Content pipeline #132

bhagany · 2017-01-08T03:37:20Z

Credit to @MartyGentillon for the ideas that led to this PR (see the conversation on #109). This is the big change most of my past PR's have been leading up to - it meets the following goals:

support existing usage patterns
allow more possible compositions of perun tasks
allow 3rd party tasks to be interposed with perun tasks more easily
resolve weirdness about the :content key
abstract content parsing similarly to the rendering abstraction (aka render-pre-wrap)

The central conceptual change here is completing the transition from a more metadata-based approach to a more file-based approach. The first major step here was to store file metadata on boot's TmpFiles, rather than in fileset metadata. This allows us to move or delete files without having to maintain their metadata separately. The second (and last) step, is to do away with the :content metadata key in favor of writing and manipulating TmpFiles, and using the content of the files, rather than maintaining that information in metadata. This allows any task to manipulate perun's final output, without that task having to be actually aware of perun and its metadata conventions.

For example, I know some here are fans of Tachyons (http://tachyons.io/). With this change, it would be possible to write a general tachyons task that manipulates file content and can be used with or without perun. To explain with code,

(deftask build
  (comp (p/markdown)
        (tachyons) ;; <-- unaware of perun
        (p/render :renderer 'your.ns/render)))

Before this change, the tachyons task would need to know about and manipulate perun's :content key in order to get what you wanted in perun/render, but now it can just change the file itself and ignore perun.

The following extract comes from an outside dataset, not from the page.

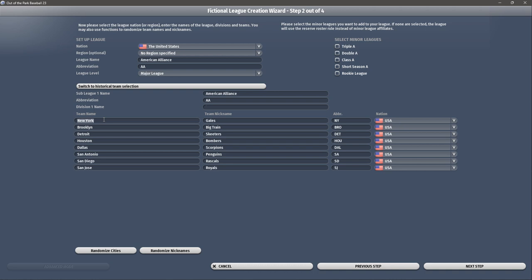The cities I chose were Albany, Baltimore, Boston, Brooklyn, New York, Providence, and Washington.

In addition to being more composable with 3rd party tasks, the change from metadata content to file content also allows perun's task to be composed with each other in ways that weren't possible before. Here's a real-life example from the build.boot for my blog*:

(deftask urls
  "Helper task for encapsulating all url generation stuff"
  [_ filterer FILTERER code "predicate to use for selecting entries (default: `:has-content`)"]
  (let [filterer (or filterer :has-content)]
    (comp (p/slug :slug-fn slugify-filename :filterer filterer)
          (p/permalink :permalink-fn permalinkify :filterer filterer)
          (p/canonical-url :filterer filterer))))

(deftask build
  "Build nicerthantriton.com"
  [t tier TIER kw "The tier we're building for"]
  (comp (p/global-metadata)
        (set-tier :val tier)
        (p/markdown :options {:extensions {:smarts true}})  ;; writes an .html file per .md file
        (urls)
        (p/collection :renderer 'nicerthantriton.core/index ;; produces an index page based on the output from `markdown`
                      :filterer post?
                      :meta {:derived true})
        (p/assortment :renderer 'nicerthantriton.core/topic ;; not in master yet, you can ignore it
                      :filterer post?
                      :grouper tagify
                      :meta {:derived true})
        (urls :filterer :derived)
        (recent-posts)                                      ;; These two set some global metadata based on .html files
        (topics)                                            ;; that exist at this point in the pipeline - you can ignore
        (p/render :renderer 'nicerthantriton.core/post      ;; Wraps post content with things like tags and publish date
                  :filterer post?)
        (p/render :renderer 'nicerthantriton.core/page)     ;; Wraps _all_ .html files with the things that are common to every page
        (p/atom-feed :filterer post?)))

Some interesting things about this:

collection can be called before render, and the result can be treated the same as files generated by markdown
multiple render tasks can be used to progressively build up pages
the original usage pattern is still supported - that is, you can still use a single render step, and collection could render a finished page in one pass, if that works best for you.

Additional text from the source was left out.